De par la nature de ses activités, Natixis est structurellement exposée à la crise financière et a enregistré des pertes qui ont contraint la CNCE et la BFBP à la recapitaliser en septembre 2008, à hauteur de 3,7 milliards d'euros . Cette augmentation de capital a été relayée par la souscription de la Société de prise de participation de l'Etat (SPPE) à une première émission de titres super-subordonnés à durée indéterminée (TSSDI), pour 2 milliards d'euros, dont 1,9 milliard ont été apportés à Natixis en décembre 2008.

Natixis a également engagé un recentrage de sa stratégie et de son offre 12 ( * ) et a cantonné dans une structure interne dénommée GAPC (« Gestion active des portefeuilles cantonnés ») les portefeuilles d'actifs qui ne correspondaient plus aux nouveaux choix stratégiques ou requéraient une immobilisation de fonds propres et de trésorerie insuffisamment rémunérée par le profit qu'ils dégagaient.
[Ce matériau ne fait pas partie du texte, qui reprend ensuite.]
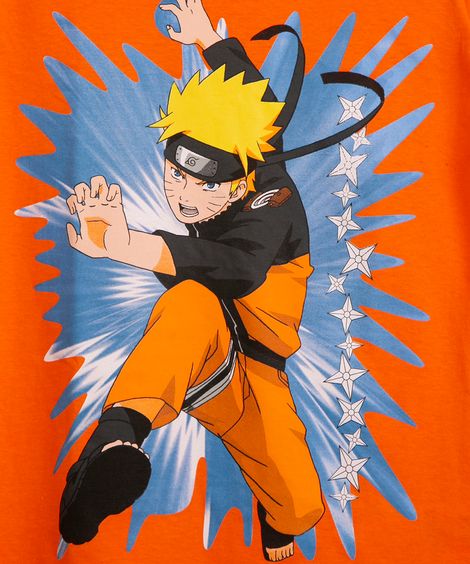 camiseta juvenil manga curta naruto laranja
Le montant pondéré de ces actifs, dont une partie est « toxique » ou illiquide, était de 31 milliards d'euros fin décembre 2008 et d'environ 33,7 milliards d'euros en avril 2009 .

Ainsi que l'ont précisé M. François Pérol, président du directoire de la CNCE, directeur général de la BFBP, et Mme Christine Lagarde, ministre de l'économie, de l'industrie et de l'emploi, lors de leur audition par votre commission des finances (respectivement les 29 avril et 19 mai 2009 13 ( * ) ), une partie de ces actifs a vocation à être détenue à maturité , selon un arbitrage entre accélération du retour du capital et prix de réalisation des actifs, afin de maximiser le potentiel de cession.

Le montant des actifs cantonnés dans GAPC ne correspond en aucun cas à celui des pertes à venir, mais la structure n'en a pas moins amputé le produit net bancaire de Natixis en 2008 de 3,45 milliards d'euros et le résultat net de 3,61 milliards d'euros, de même qu'elle a accru le coût du risque de 874 millions d'euros pour le porter à 1,82 milliard d'euros au total. L'ampleur de ces pertes directement liées à la crise contribue cependant, a contrario , à ne pas remettre en cause l'existence de la banque ni la pérennité de son coeur de métier (affacturage, financements d'entreprises, gestion d'actifs...), qui est demeuré bénéficiaire à hauteur de 987 millions d'euros en 2008.

Néanmoins ces difficultés n'ont fait que mettre davantage en exergue l'inadéquation d'une détention paritaire par deux groupes désormais proches.

* 10 Ces sociétés, pour la plupart américaines, apportent leur garantie à des véhicules structurés émettant des titres obligataires afin de leur permettre de bénéficier de la meilleure notation de crédit possible.

* 11 Accordée, s'agissant de la France, par l'article 123 de la loi de finances rectificative pour 2008 (n° 2008-1443 du 30 décembre 2008).

* 12 La réorientation stratégique de la « banque de financement et d'investissement (BFI) pérenne », selon les termes de Natixis, comprend en particulier un recentrage de la clientèle d'entreprises, une offre simplifiée de produits structurés et d'investissement, le resserrement de la présence internationale, la réduction du profil de risque par le renforcement des contrôles et l'arrêt des activités de négociation pour compte propre ou à niveau élevé de volatilité, et des réduction d'effectifs.

* 13 Cf. les comptes-rendus de ces auditions en annexe du présent rapport.